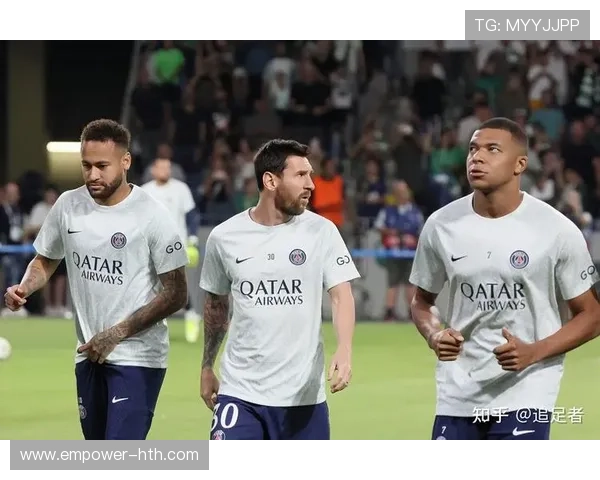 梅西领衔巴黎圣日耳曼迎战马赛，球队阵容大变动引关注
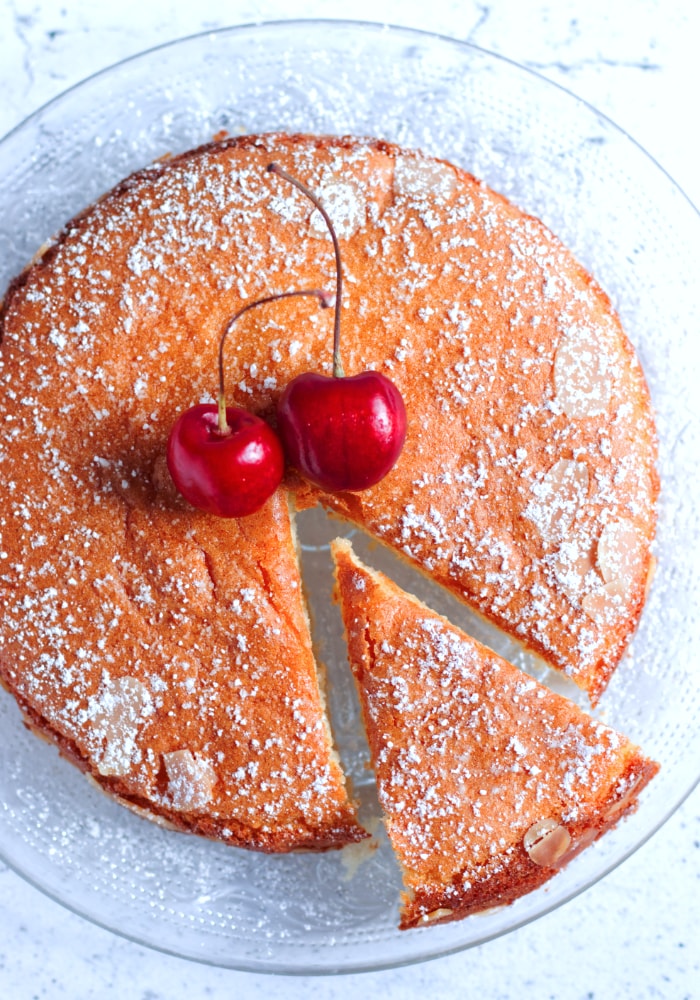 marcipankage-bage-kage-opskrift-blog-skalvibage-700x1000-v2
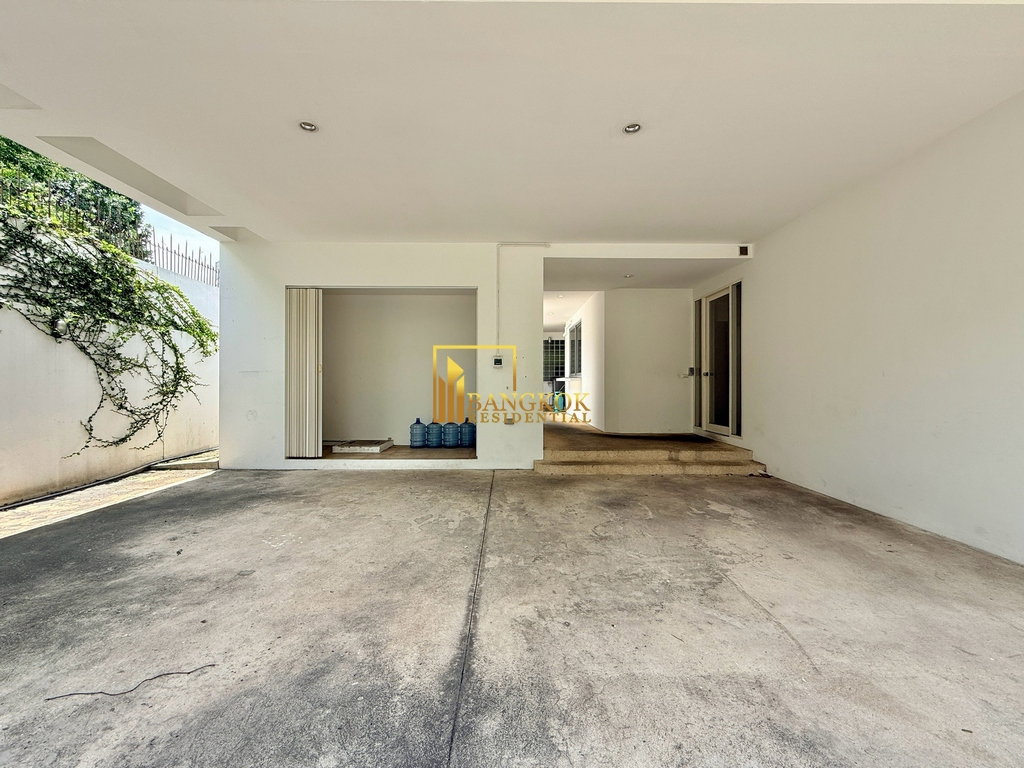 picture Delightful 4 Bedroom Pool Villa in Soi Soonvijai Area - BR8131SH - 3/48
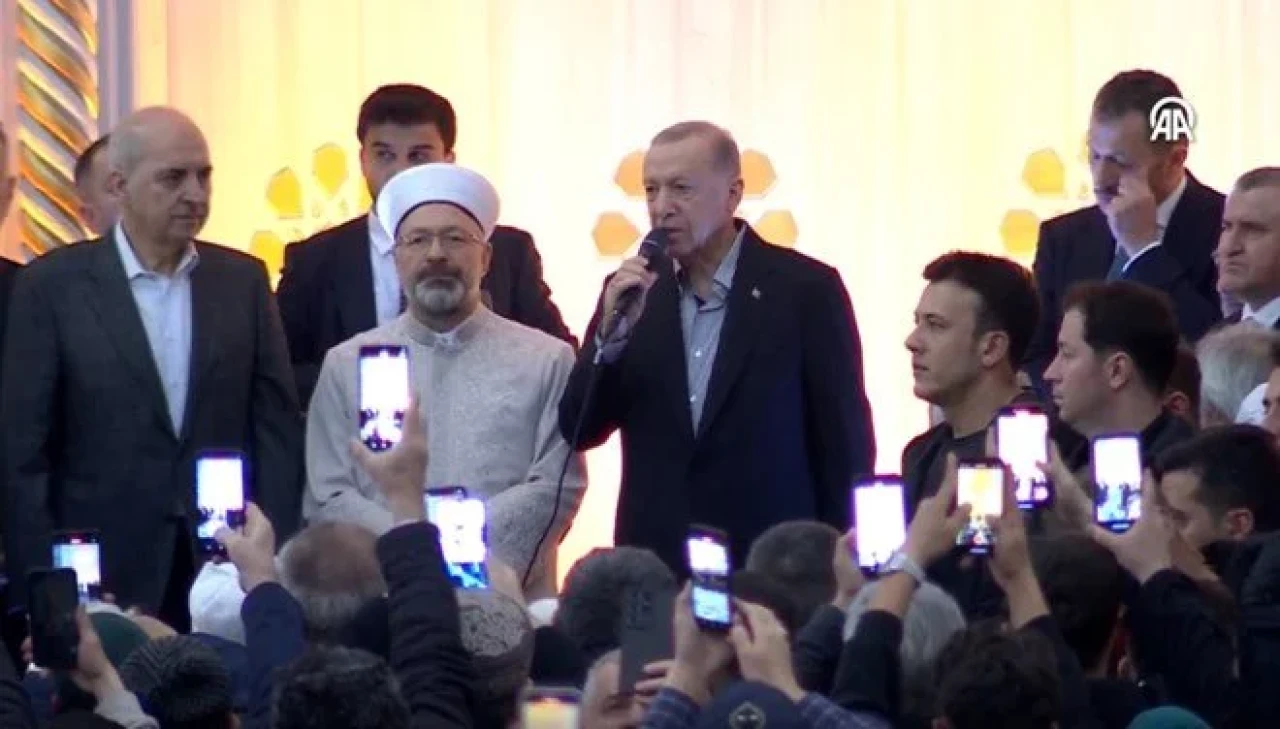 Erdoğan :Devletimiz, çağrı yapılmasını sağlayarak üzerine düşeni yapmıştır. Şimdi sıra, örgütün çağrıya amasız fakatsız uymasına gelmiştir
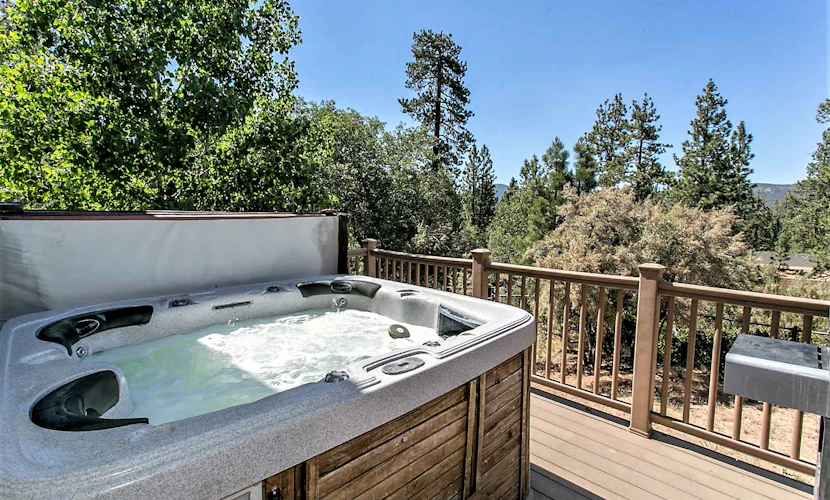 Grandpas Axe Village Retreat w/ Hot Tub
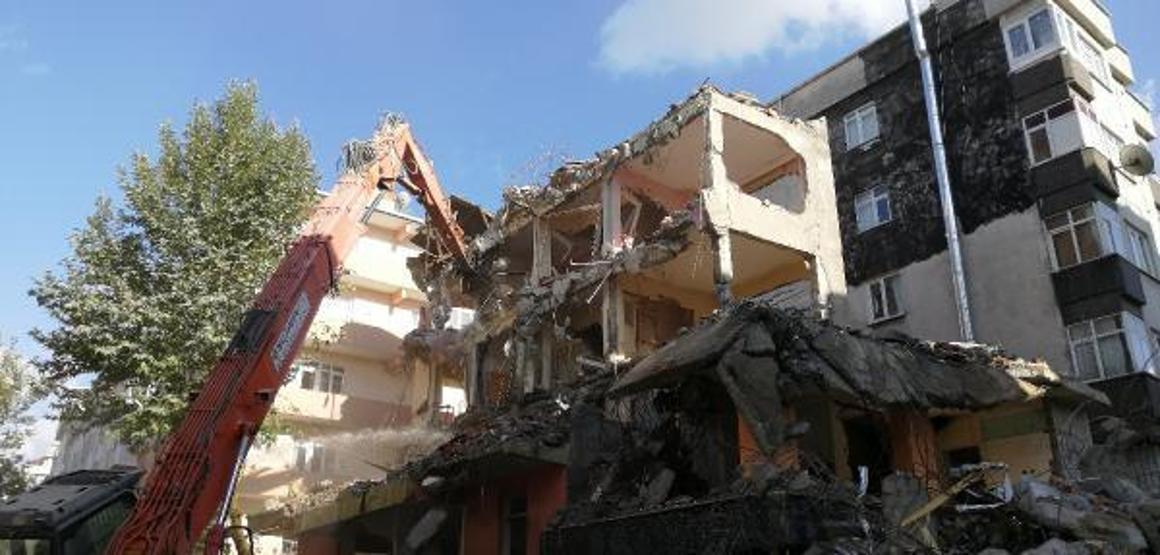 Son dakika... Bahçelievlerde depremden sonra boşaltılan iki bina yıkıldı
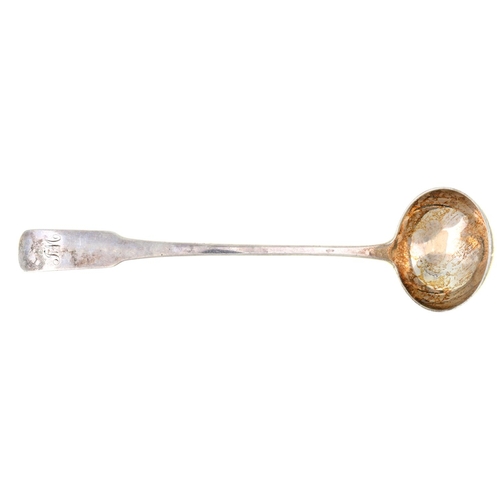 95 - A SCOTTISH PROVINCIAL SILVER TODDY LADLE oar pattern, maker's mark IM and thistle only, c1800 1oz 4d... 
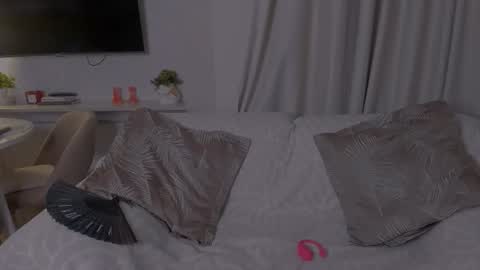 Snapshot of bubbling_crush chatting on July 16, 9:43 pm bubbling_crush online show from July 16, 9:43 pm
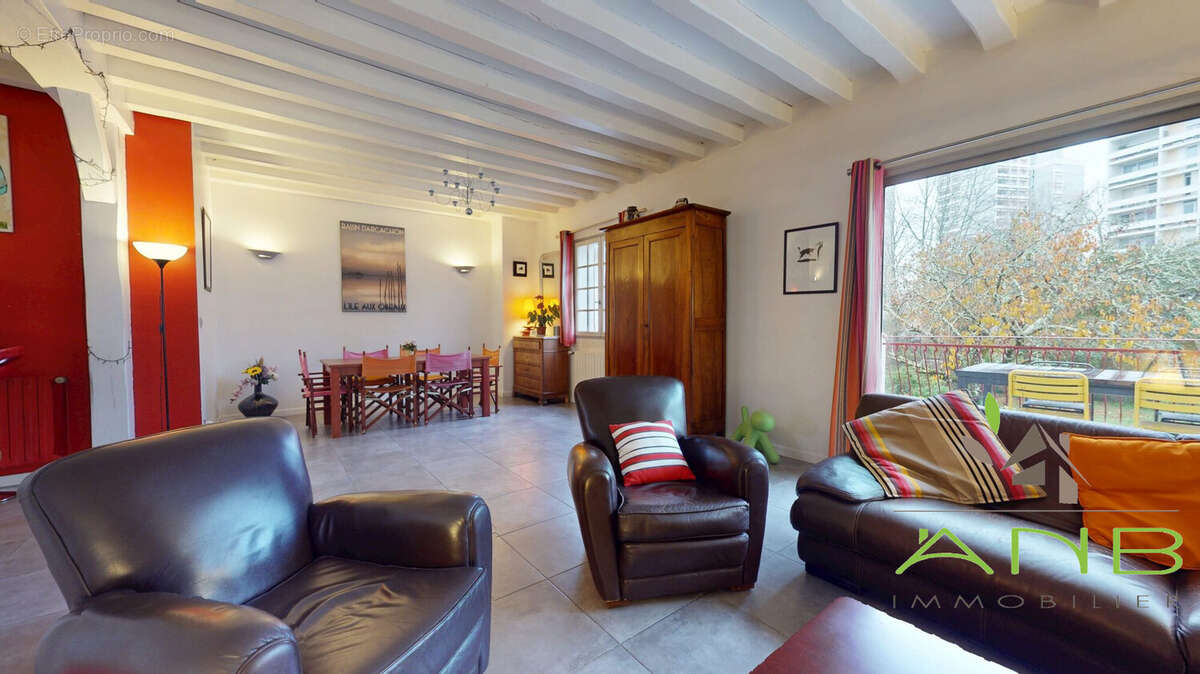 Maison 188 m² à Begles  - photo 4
•••••
Task to carry out: Please transcribe the entries exactly, omitting the images.

Task solution:
 梅西领衔巴黎圣日耳曼迎战马赛，球队阵容大变动引关注
 marcipankage-bage-kage-opskrift-blog-skalvibage-700x1000-v2
 picture Delightful 4 Bedroom Pool Villa in Soi Soonvijai Area - BR8131SH - 3/48
 Erdoğan :Devletimiz, çağrı yapılmasını sağlayarak üzerine düşeni yapmıştır. Şimdi sıra, örgütün çağrıya amasız fakatsız uymasına gelmiştir
 Grandpas Axe Village Retreat w/ Hot Tub
 Son dakika... Bahçelievlerde depremden sonra boşaltılan iki bina yıkıldı
 95 - A SCOTTISH PROVINCIAL SILVER TODDY LADLE oar pattern, maker's mark IM and thistle only, c1800 1oz 4d... 
 Snapshot of bubbling_crush chatting on July 16, 9:43 pm bubbling_crush online show from July 16, 9:43 pm
 Maison 188 m² à Begles  - photo 4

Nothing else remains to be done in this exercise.